まず、第一にかつてからまた、前回から第三極云々の“必要性”が喧伝されたが、ものの見事に二大政党も第三極も“崩壊”に向かってるのがハッキリした。第三極とはいわないが、日本共産党が、自公政権と真っ正面から対決し、対案を示して、国民の利益にぶれない党としての支持を受け、2.5倍増の大躍進を遂げた。これは、自公にとっては、織り込み済みかも知れないが、諸課題での国民運動と結びついた結果だけに、政権もこれまでの政権運営を変えざるを得ないだろう。

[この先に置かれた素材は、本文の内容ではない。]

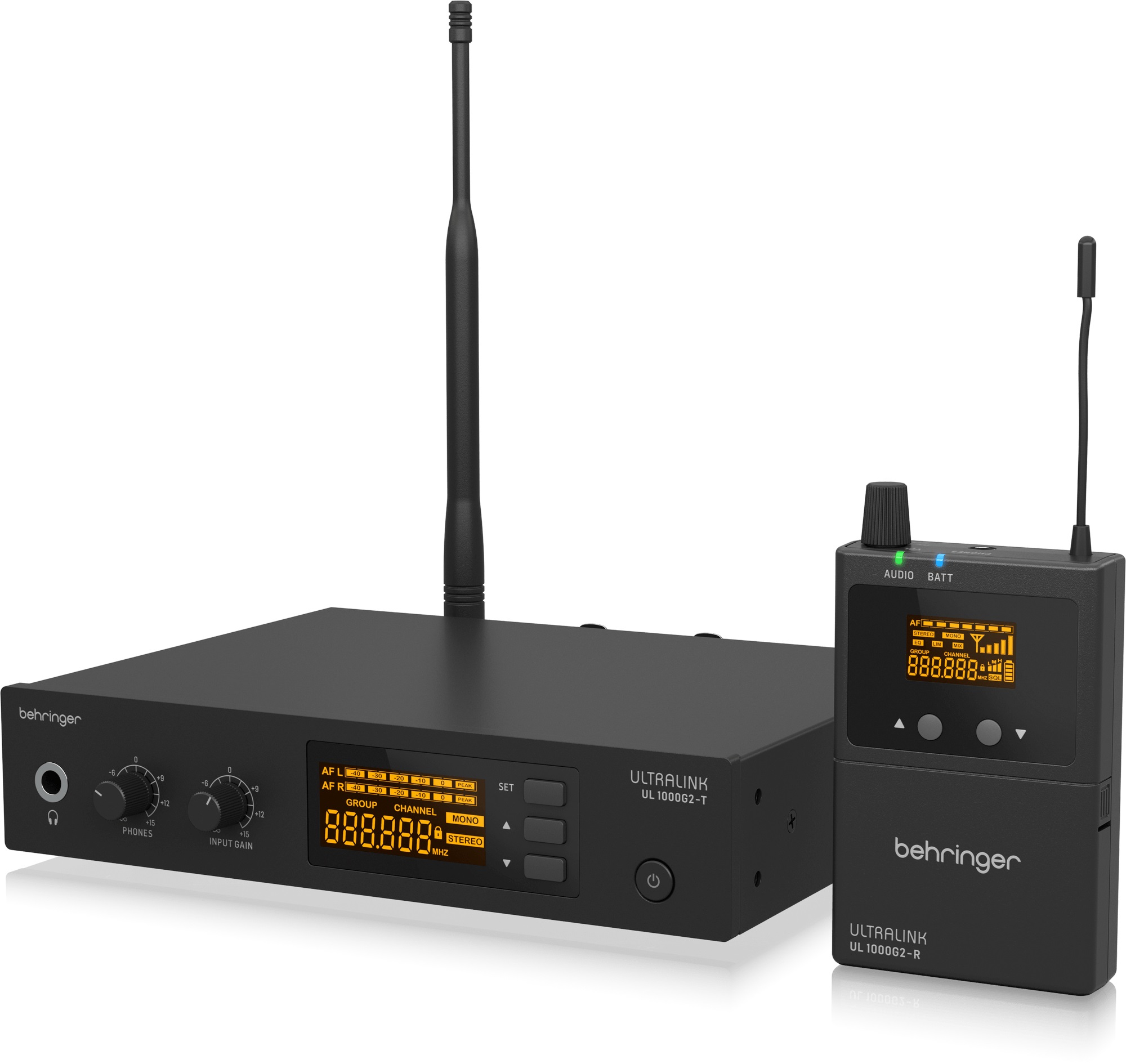 Behringer UL 1000G2 (obrázek 3)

第二に、開票終了直後、首相は選挙期間中に“封印”していた、「憲法改正」に手をつけると3分の2の議席を背景に公言したことだ。「秘密保護法」や「集団的自衛権」の具体的施行や法整備の段階で、与党内にある「保守本流」、公明との確執が、国内でさらに盛り上がり国際的にも注目を受け始めた9条憲法への評価を力にさらに表面化するのは避けられない。もちろん油断はできないが…
第三に、「政治とカネ」の問題がこれで、「当事者」が禊ぎを受けたなどと首脳とともども思っていたら、トンでもないこと。さらに、くすぶっている“予備軍”も十分あり、すぐにでも火がつき、燎原の火のごとくに“安倍城”を焼き尽くす日も遠くないかも知れない。

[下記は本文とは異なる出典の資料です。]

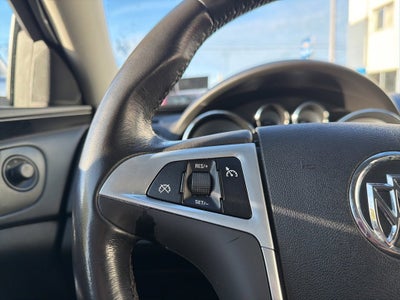 2011 Buick Regal CXL Turbo TO3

第四に、「政治とカネ」のもとにあるのが、「政党助成金」であり、この違法性、非民主制とこれまでの「実績」を徹底的に国民に明らかにすべきであろう。マスメディアに期待できないが、国民が声を上げてでも廃止を迫らなければならない。
第五に、選挙直前に判決が出された「違憲状態の『1票の格差』」にキチンと向き合わねばならない。

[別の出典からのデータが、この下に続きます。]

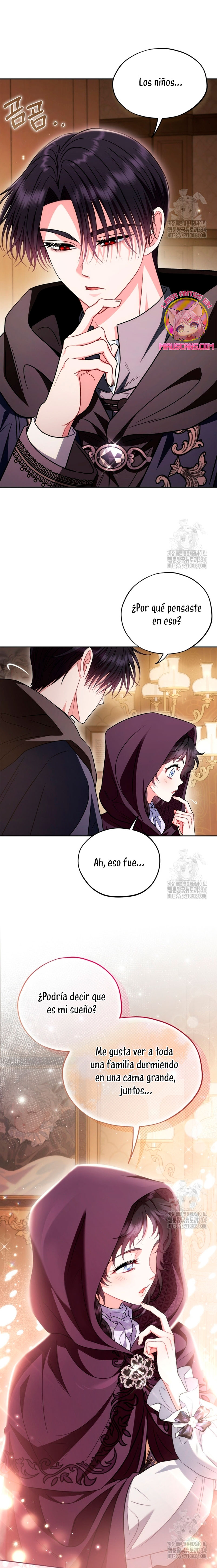 Me convertí en la detectora de veneno del Villano Capítulo 45 - Página 14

この根本的な解決のための処方箋はハッキリしている。小選挙区を廃止して、全国一本の比例代表制の制度を導入することだ。これなら、「死に票」は一切ないし、国民の意見が文字通りキッチリ比例的に議席に反映できるのだから。
第六に、選挙そのものの意味を、キチンと民意を性格に反映した議会をつくるためのものに戻さなければならない。今の、選挙は、政界、メディアともに「政権選択選挙」と広言するように、選挙で選ばれた人たちが議会で議論を詰めてよりよい政策づくりをするというより、選挙前から共通政策もなく、離合集散を繰り返し、小選挙区のもとで1票でも多くとり議席を獲得する動きになっている。だから、議会では、数の力で全くの投票マシン化した議員たちにより瞬時に結果が決まるか、審議といっても、ポット出の議員たちによる“素人っぽい”“低俗”な“議論”に国民はつきあわされている。これも、小選挙区の弊害であろう。「風」が吹いて予想以上の当選を果たした議員の中にこういう議員が“おうおうにして”含まれているのだ。安倍政権の中に、上記の国民との議論に耐えることができない議員が、どれだけいるだろうか…
最後に、沖縄では新基地反対派の4候補がものの見事に当選を果たした。民主的政治を求める選挙おあり方を考える上で貴重な教訓を残したといえる。政権の暴走がますます強まれば、こうした共同、選挙共闘が「本土」でも模索され始めることは必死。そうした共同が大きくなれば、その速度、広がりは想像を超えるものになる。政権の暴走の速度がそれをも規定するのかもしれない。これが“歴史の弁証法”か。